# [MATERIAL SUPPLIED]
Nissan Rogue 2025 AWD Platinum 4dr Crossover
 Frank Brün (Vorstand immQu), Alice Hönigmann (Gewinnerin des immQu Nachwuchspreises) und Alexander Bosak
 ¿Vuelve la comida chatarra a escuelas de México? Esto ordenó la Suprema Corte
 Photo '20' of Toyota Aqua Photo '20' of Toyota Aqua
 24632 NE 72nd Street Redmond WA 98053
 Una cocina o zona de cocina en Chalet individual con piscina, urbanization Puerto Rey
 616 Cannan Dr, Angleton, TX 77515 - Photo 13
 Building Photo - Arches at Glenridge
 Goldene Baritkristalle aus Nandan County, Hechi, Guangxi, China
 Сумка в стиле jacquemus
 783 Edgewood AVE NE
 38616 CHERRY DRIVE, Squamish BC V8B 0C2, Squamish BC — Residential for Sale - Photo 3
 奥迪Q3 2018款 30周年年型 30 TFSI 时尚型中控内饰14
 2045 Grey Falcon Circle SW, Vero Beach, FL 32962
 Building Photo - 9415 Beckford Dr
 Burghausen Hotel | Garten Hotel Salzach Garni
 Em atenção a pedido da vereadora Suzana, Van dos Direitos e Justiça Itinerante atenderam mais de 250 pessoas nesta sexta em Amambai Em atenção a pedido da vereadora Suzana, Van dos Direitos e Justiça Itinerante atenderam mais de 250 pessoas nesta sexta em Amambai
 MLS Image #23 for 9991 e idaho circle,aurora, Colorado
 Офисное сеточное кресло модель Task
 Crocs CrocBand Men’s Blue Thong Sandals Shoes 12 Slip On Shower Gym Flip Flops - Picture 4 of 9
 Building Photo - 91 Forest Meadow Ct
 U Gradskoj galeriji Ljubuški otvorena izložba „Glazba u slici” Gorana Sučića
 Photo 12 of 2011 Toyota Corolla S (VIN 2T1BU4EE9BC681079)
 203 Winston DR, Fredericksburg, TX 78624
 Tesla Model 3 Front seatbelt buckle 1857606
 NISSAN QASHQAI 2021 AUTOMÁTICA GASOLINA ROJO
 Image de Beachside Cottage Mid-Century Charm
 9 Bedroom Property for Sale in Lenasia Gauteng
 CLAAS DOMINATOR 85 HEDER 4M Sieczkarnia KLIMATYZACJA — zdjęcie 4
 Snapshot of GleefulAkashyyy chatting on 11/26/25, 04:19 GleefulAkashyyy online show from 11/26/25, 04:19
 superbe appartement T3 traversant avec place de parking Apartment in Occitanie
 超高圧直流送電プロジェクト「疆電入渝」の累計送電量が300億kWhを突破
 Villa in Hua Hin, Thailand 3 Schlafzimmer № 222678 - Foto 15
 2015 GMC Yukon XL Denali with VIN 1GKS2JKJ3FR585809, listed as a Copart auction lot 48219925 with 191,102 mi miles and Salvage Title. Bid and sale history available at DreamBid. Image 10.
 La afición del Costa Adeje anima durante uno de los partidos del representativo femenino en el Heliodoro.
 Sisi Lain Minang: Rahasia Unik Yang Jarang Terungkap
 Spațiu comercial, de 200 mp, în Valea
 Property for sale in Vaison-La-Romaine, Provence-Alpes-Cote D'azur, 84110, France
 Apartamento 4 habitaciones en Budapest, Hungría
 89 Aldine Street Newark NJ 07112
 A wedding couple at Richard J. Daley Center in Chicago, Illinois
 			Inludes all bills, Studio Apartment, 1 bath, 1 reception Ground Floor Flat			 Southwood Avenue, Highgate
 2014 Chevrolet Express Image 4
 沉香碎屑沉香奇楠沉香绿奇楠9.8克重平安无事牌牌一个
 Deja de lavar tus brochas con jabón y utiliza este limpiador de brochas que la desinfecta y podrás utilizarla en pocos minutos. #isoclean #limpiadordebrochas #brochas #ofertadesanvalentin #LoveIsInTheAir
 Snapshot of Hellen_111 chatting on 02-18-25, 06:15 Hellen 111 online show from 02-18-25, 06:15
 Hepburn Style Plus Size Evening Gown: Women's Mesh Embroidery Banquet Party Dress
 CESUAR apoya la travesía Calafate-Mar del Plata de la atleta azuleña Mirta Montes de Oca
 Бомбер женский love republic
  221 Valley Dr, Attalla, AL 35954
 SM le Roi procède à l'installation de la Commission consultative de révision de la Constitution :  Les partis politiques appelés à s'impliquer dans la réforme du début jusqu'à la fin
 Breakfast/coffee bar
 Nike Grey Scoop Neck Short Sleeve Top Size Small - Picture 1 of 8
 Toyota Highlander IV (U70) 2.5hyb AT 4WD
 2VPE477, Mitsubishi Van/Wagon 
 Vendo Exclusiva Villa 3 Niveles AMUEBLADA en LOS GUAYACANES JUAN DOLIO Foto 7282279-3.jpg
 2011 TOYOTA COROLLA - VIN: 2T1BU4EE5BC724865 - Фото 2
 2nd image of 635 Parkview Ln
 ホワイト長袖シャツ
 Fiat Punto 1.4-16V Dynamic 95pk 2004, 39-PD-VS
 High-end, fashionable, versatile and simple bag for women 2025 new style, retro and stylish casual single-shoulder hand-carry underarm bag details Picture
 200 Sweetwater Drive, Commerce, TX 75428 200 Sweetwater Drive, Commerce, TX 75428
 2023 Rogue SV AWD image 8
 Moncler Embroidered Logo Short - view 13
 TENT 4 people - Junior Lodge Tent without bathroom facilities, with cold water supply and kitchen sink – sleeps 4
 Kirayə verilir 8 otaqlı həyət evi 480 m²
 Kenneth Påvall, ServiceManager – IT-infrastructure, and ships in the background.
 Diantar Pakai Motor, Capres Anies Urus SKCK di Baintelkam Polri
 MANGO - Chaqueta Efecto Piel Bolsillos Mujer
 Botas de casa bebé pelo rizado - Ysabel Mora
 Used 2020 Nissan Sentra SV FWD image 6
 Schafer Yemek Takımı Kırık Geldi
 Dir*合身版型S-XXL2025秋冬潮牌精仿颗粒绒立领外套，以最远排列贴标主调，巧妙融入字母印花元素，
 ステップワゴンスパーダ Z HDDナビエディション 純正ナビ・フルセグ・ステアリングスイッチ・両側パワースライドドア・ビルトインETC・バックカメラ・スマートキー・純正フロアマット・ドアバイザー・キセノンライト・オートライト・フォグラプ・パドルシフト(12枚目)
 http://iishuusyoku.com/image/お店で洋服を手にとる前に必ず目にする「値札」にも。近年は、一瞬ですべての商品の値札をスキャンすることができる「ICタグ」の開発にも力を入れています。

# [AIM OF THE EXERCISE]
Search the listing above for the lines with "Burghausen Hotel |" and "em Amambai Em", then output those lines and all lines between them exactly.

# [ANSWER TO THE PROBLEM]
 Burghausen Hotel | Garten Hotel Salzach Garni
 Em atenção a pedido da vereadora Suzana, Van dos Direitos e Justiça Itinerante atenderam mais de 250 pessoas nesta sexta em Amambai Em atenção a pedido da vereadora Suzana, Van dos Direitos e Justiça Itinerante atenderam mais de 250 pessoas nesta sexta em Amambai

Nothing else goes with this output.